• _What to work on_: The records that follow must be reproduced in full, with every picture excluded.

• _Supplied records_:
__________
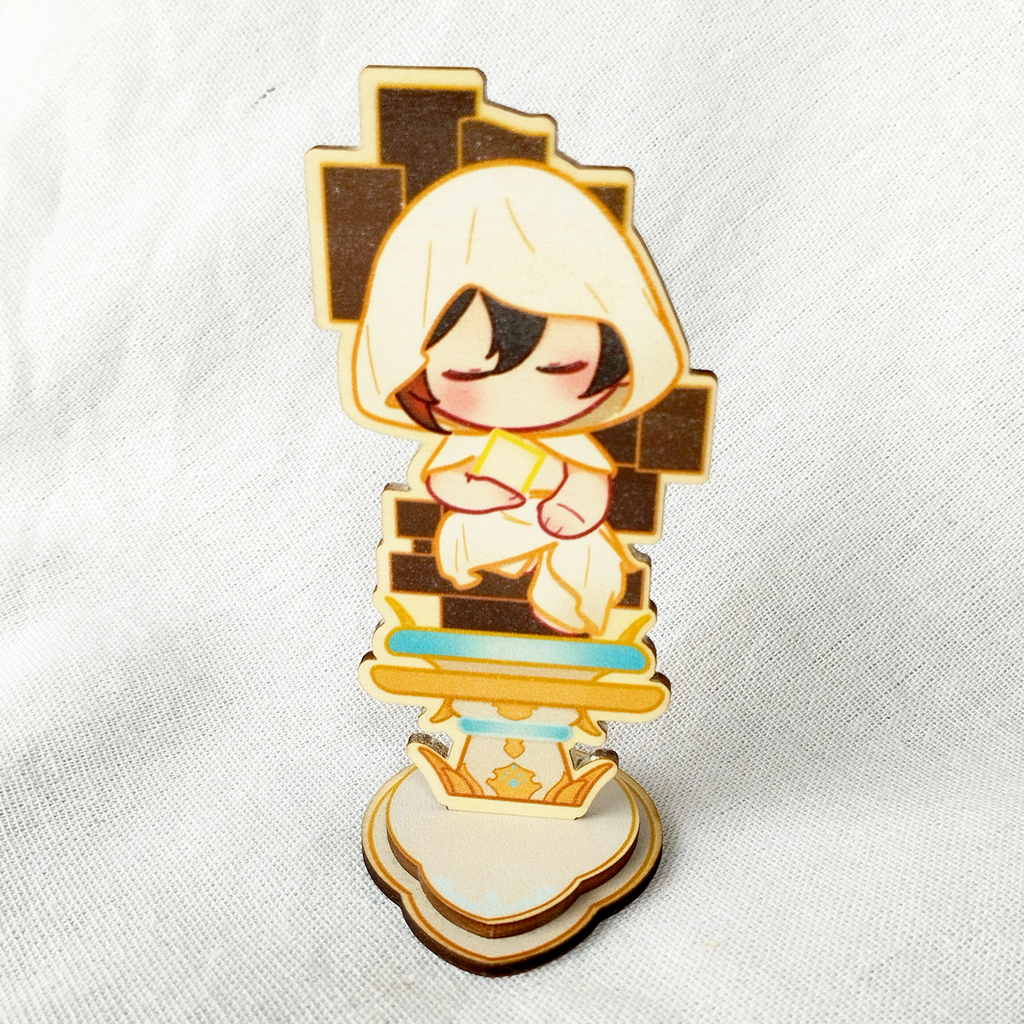 Zhongli-Statue-of-The-Seven-Wooden-Standee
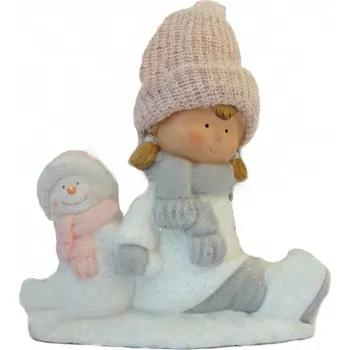 Vánoční dekorace Figurka magnesium zimní holčička se sněhulákem - 36 cm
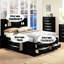 Lit double noir avec option de rangement, conception - 8 tiroirs, sans sommier, stratifié en bois uni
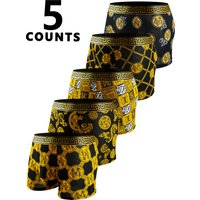 5-piece men's printed underwear, comfortable men's boxer shorts, stretchy men's boxer shorts, daily casual men's underwear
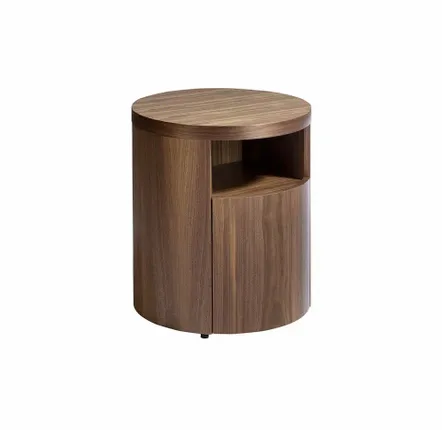 Tables de nuit - Table de chevet ronde en noyer - ANGEL CERDÁ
__________
• _Written answer_:
 Zhongli-Statue-of-The-Seven-Wooden-Standee
 Vánoční dekorace Figurka magnesium zimní holčička se sněhulákem - 36 cm
 Lit double noir avec option de rangement, conception - 8 tiroirs, sans sommier, stratifié en bois uni
 5-piece men's printed underwear, comfortable men's boxer shorts, stretchy men's boxer shorts, daily casual men's underwear
 Tables de nuit - Table de chevet ronde en noyer - ANGEL CERDÁ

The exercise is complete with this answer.